Saved entries
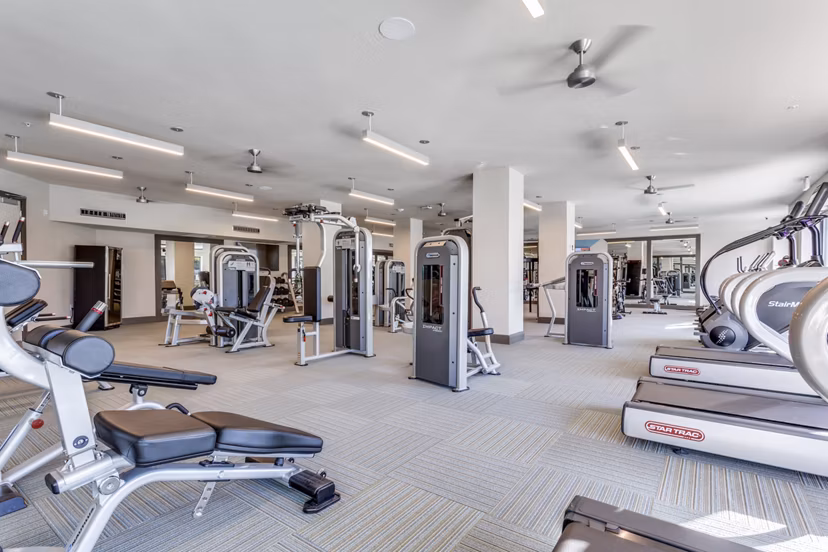 State-of-the-art fitness center at Quest Apartments with modern exercise equipment and spacious workout areas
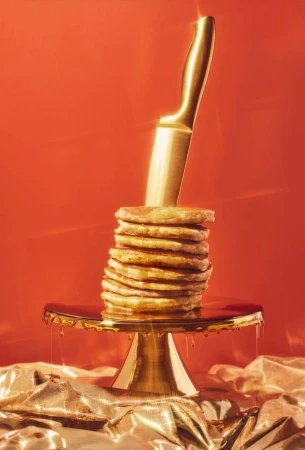 Still life shot of stacked pancakes on a golden cake stand, topped with golden syrup and skewered with a golden knife, against red background.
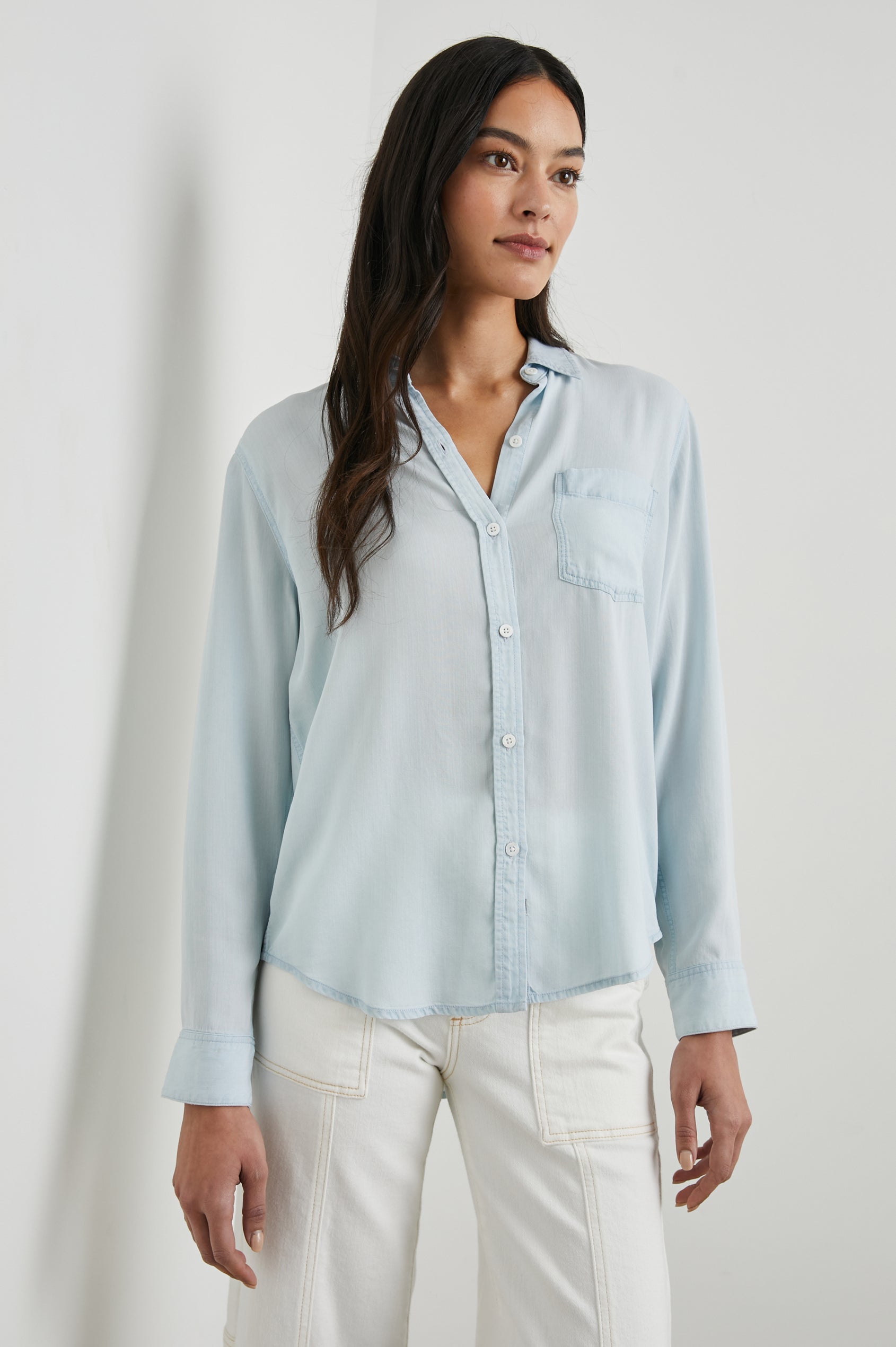 Ingrid Long Sleeve Denim Button Up with a Chest Patch Pocket in Light Vintage Colorway - Front View Featured on Model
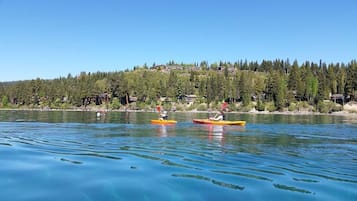 Un lac paisible où l’on peut faire du kayak, entouré d’une colline boisée et de quelques maisons.
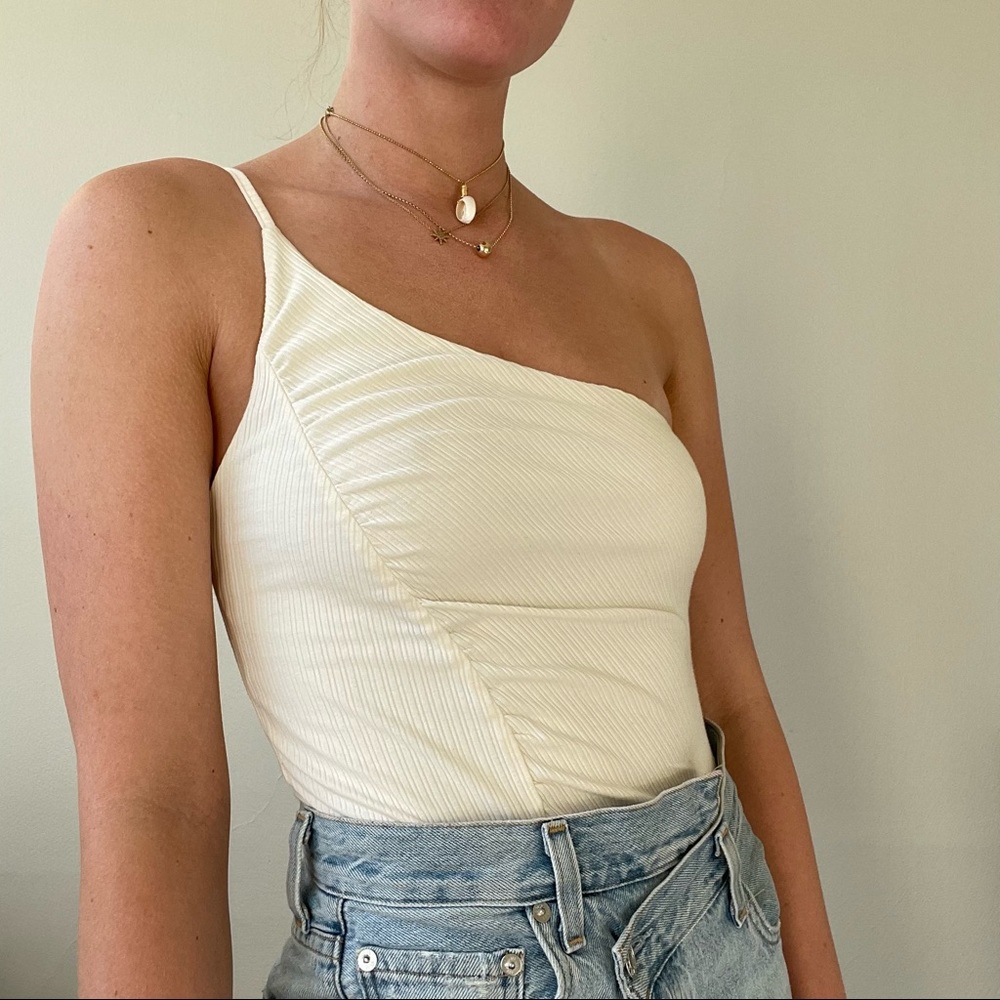 white one shoulder bodysuit
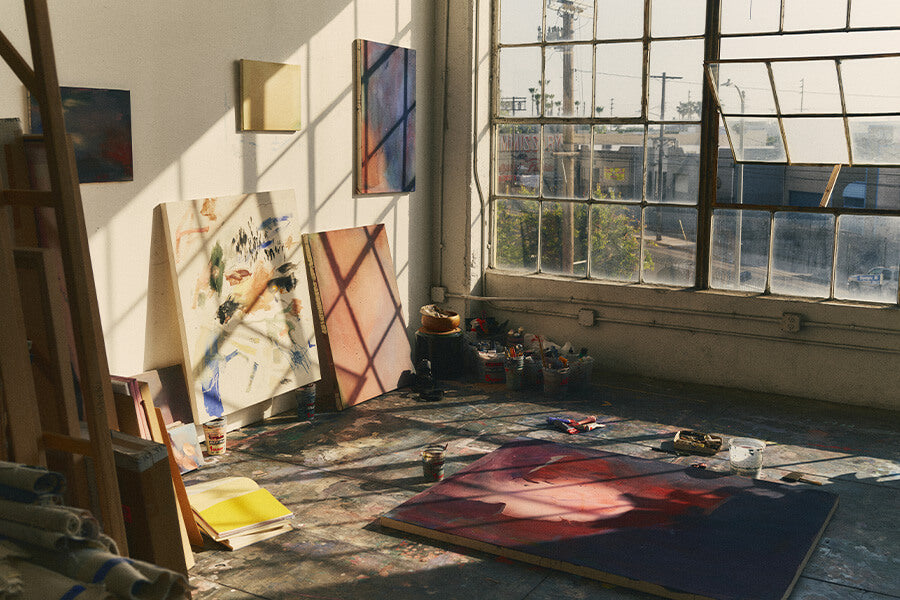 Art studio with paintings on easels and a large window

_About this task_: Skip the pictures and quote each line of the entries above, from the first through the line with "white one shoulder bodysuit", exactly as it appears.

_Result of this exercise_:
 State-of-the-art fitness center at Quest Apartments with modern exercise equipment and spacious workout areas
 Still life shot of stacked pancakes on a golden cake stand, topped with golden syrup and skewered with a golden knife, against red background.
 Ingrid Long Sleeve Denim Button Up with a Chest Patch Pocket in Light Vintage Colorway - Front View Featured on Model
 Un lac paisible où l’on peut faire du kayak, entouré d’une colline boisée et de quelques maisons.
 white one shoulder bodysuit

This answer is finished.